Vigil For Peace In Syria - Media Failure

People gather in St Peter's Square for Vigil for Peace
Photo: USA Today

On Saturday Pope Francis held a prayer vigil for peace in Syria. As I wrote earlier - Vigil For Peace Well Attended - more than 100,000 people attended the vigil in St Peter’s Square. This morning I began eagerly searching the net to see what the media was reporting on the subject.

This vigil had a very good turnout and given that it was so relevant to the most news worthy event taking placing in the world right now, I expected it to receive a great deal of coverage. It has however sadly barely received coverage in the international media. In South Africa media coverage has been all but not existent.

When one Google’s an important event like this and your own insignificant Blog post - Vigil For Peace Well Attended - pops up in the top 10 results, there is clearly a very definite failure by the media to report on it.

It is sad that the media will not report on events such as these. This would surely give people a broader perspective of the different opinions on the subject of military strikes on Syria.

There is no doubt that people need to hear more than just the continual justification of military intervention from world leaders like Obama and Kerry. Greater coverage of calls for peace would certainly lead Obama, Kerry and the other proponents of military intervention to think again. They would have to if they suddenly found that the mainstream media was carrying more and reports of anti-war sentiment.

During the vigil Pope Francis said: “Leave behind the self-interest that hardens your heart, overcome the indifference that makes your heart insensitive towards others, conquer your deadly reasoning, and open yourself to dialogue and reconciliation.

Pope Francis went on to say: “How I wish that all men and women of good will would look to the cross, if only for a moment. There, we can see God’s reply: violence is not answered with violence, death is not answered with the language of death. In the silence of the cross, the uproar of weapons ceases and the language of reconciliation, forgiveness, dialogue and peace is spoken.

This is certainly advice that Obama, Kerry and all the warmongers should listen to. Dialogue and reconciliation is what is needed in this situation. Not the selfish and stubborn promotion of an agenda that will only further self-interests while leading to more deaths and countless more suffering.

If anyone needs to be punished then the ICC is the means to do that. Launching military strikes, that will inevitably lead to the death of countless individuals, which will most likely include many innocent civilians, is not the way to go about punishing one man for the crimes he has committed against humanity. Military intervention doesn’t punish the criminal; it punishes the people of Syria.

So why are the mainstream media not blaring this message to their audiences every 15 minutes, instead of only the constant justification of military intervention from the warmongers? Surely at the very least both messages, for and against military intervention, should be given equal airtime by the mainstream media? Are the media also just stubbornly driven by their own selfish self-interests?

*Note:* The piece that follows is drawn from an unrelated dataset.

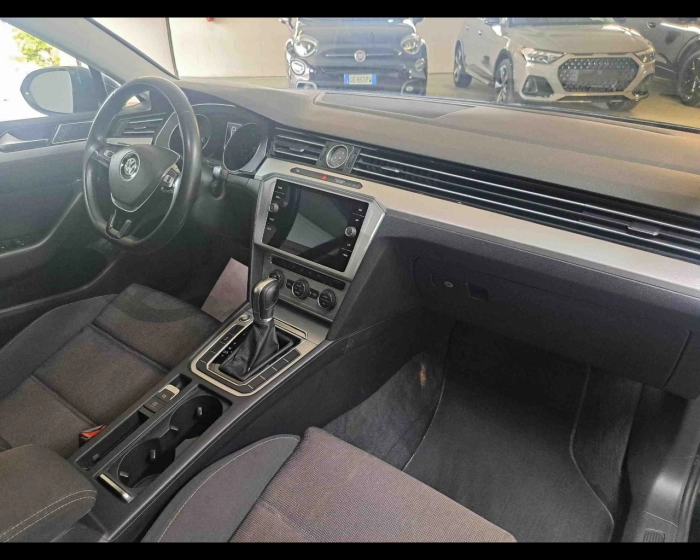 Volkswagen Passat  Variant 2.0 tdi Business 150cv dsg 7m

As for the media in South Africa, who all seem to have time to take to twitter to criticise the mistakes of the new news network in South Africa - ANN7. Why haven’t you found time to publish anything about this prayer vigil for peace? Shame on you! You really are all equally unreliable as a source of news. Thank goodness we have the Internet and do not need to rely on South African media to keep up with what’s happening in the world.